From that point on post- and neo- reigned supreme and now we have arrived at a delightful hybrid filled free-wheeling free-for-all—anything goes. Along the way there has been an appearance of art leveling a political critique that can retain a “formal transcendence” that is inextricably tied with a social and personal transcendence. It is expressed in the most odd and circuitous manners as rightfully required by an expression that does not want to come off as overbearing or too conclusive in its meanings. The interpretive aspect of contemporary art allows it to avoid the pitfalls of frozen thinking that belongs to the ideologues populating the political landscape in ever increasing numbers.
I think it is safe to say that art helps us move into a dubious future that runs through my 2050 endpoint. World peak oil is predicted at 2014, which is pretty much “right now.” That is our more exact moment, what happens after that speeds up a bit according to some. So, it is time to put on the “energy producing” breaks, where the movement becomes a social one. Sooner or later this will happen, it is just a matter of time.
It is clear. Gone are the days when we thought the world could handle as much crap we could pump into it, and never run out of the resources to create said crap. The end game is in play.
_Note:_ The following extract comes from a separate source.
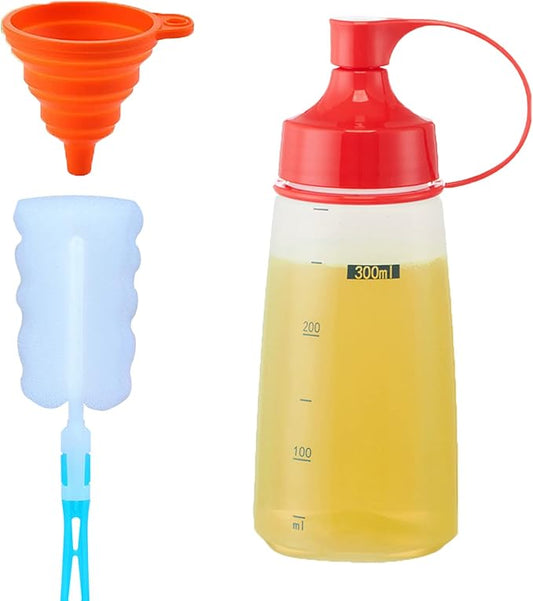 Condiment Squeeze Bottles for Sauces Pancake Batter Plastic - Wide Mouth Kitchen Ketchup Mustard Squirt Bottle Empty Dispenser for Icing Oil Salad Food Liquid for Griddle BBQ(1 PCS, 10 oz.)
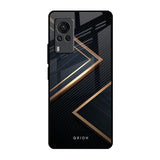 Sleek Golden & Navy Vivo X60 PRO Glass Back Cover Online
People may say otherwise, but few really believe it.
When confused about this I always remind myself that “nature bats last.” The time comes when the moving violation stops—something that seems unthinkable, but I believe inevitable one way or another—and then we will have really learned and understood something deeply valuable and profound. How good or bad this turns out will be a measure of our grace and vision as a race of beings. It is time for each of us to dig deeply within ourselves, and to find nothing less than the wherewithal to respond with a commitment and verve unparalleled in history.